Wang Wei, Xiao Xiong, Qian Jian, Chen Shiqi, Liao Fang, Yin Fei, Zhang Tao, Li Xiaosong, Ma Yue
West China School of Public Health and West China Fourth Hospital, Sichuan University, Chengdu, China.
Women and Children's Health Management Department, Sichuan Provincial Hospital for Women and Children, Chengdu, China.
Stat Med. 2022 Jul 10;41(15):2939-2956. doi: 10.1002/sim.9395. Epub 2022 Mar 28.

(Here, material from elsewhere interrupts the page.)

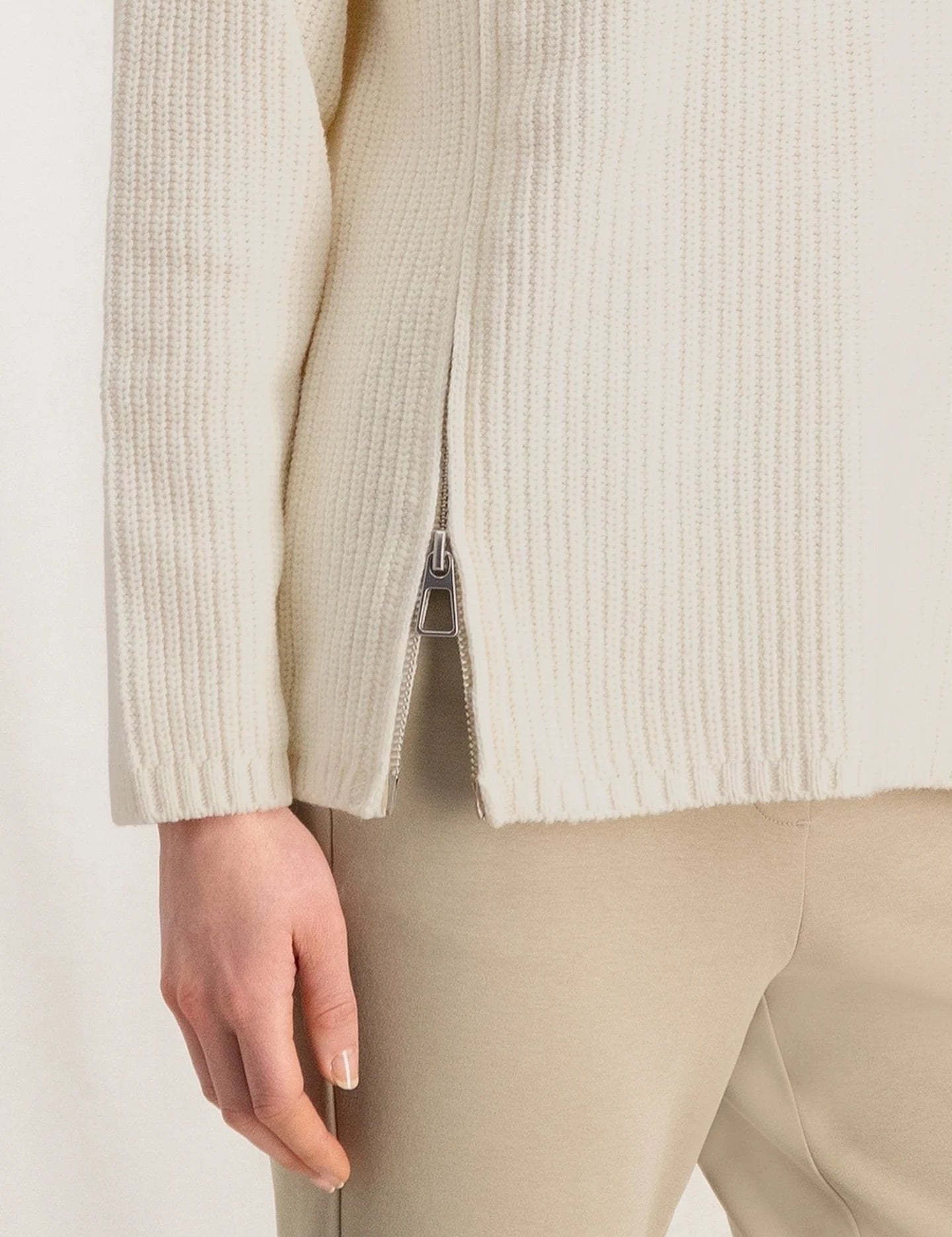 ribbed-sweater-with-turtleneck-long-sleeves-and-zip-off-white-knit_3beac796-9b84-43c4-b8bc-e266acfc5611_2880x_jpg.jpg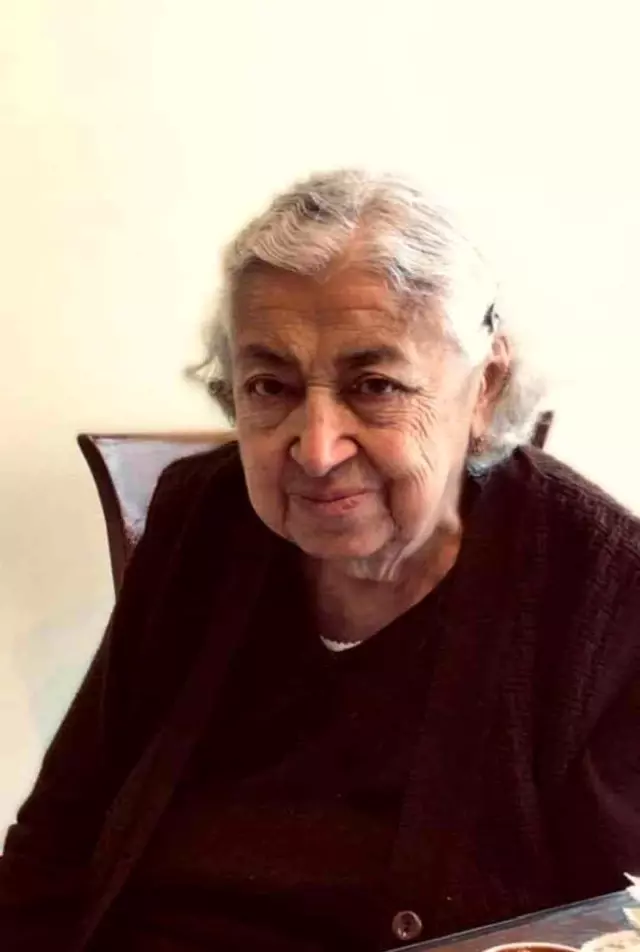 Yıllardır beslediği kedileri, tabutunun başından ayrılmadı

Most spatial models include a spatial weights matrix (W) derived from the first law of geography to adjust the spatial dependence to fulfill the independence assumption. In various fields such as epidemiological and environmental studies, the spatial dependence often shows clustering (or geographic discontinuity) due to natural or social factors. In such cases, adjustment using the first-law-of-geography-based W might be inappropriate and leads to inaccuracy estimations and loss of statistical power. In this work, we propose a series of data-driven Ws (DDWs) built following the spatial pattern identified by the scan statistic, which can be easily carried out using existing tools such as SaTScan software. The DDWs take both the clustering (or discontinuous) and the intuitive first-law-of-geographic-based spatial dependence into consideration. Aiming at two common purposes in epidemiology studies (ie, estimating the effect value of explanatory variable X and estimating the risk of each spatial unit in disease mapping), the common spatial autoregressive models and the Leroux-prior-based conditional autoregressive (CAR) models were selected to evaluate performance of DDWs, respectively. Both simulation and case studies show that our DDWs achieve considerably better performance than the classic W in datasets with clustering (or discontinuous) spatial dependence. Furthermore, the latest published density-based spatial clustering models, aiming at dealing with such clustering (or discontinuity) spatial dependence in disease mapping, were also compared as references. The DDWs, incorporated into the CAR models, still show considerable advantage, especially in the datasets for common diseases.
大多数空间模型都包含一个基于地理学第一定律导出的空间权重矩阵(W),以调整空间依赖性,从而满足独立性假设。在流行病学和环境研究等各个领域,由于自然或社会因素,空间依赖性往往表现出聚类(或地理不连续性)。在这种情况下,使用基于地理学第一定律的W进行调整可能不合适,会导致估计不准确和统计功效的损失。在这项工作中,我们提出了一系列数据驱动的W(DDW),它们是根据扫描统计量识别出的空间模式构建的,可以使用诸如SaTScan软件等现有工具轻松实现。DDW既考虑了聚类(或不连续),也考虑了基于地理学第一定律的直观空间依赖性。针对流行病学研究中的两个常见目的(即估计解释变量X的效应值和估计疾病地图中每个空间单元的风险),分别选择了常见的空间自回归模型和基于勒鲁先验的条件自回归(CAR)模型来评估DDW的性能。模拟和案例研究均表明,在具有聚类(或不连续)空间依赖性的数据集中,我们的DDW比经典的W具有显著更好的性能。此外,还比较了最新发表的基于密度的空间聚类模型作为参考,该模型旨在处理疾病地图中的此类聚类(或不连续性)空间依赖性。纳入CAR模型的DDW仍然显示出相当大的优势,尤其是在常见疾病的数据集中。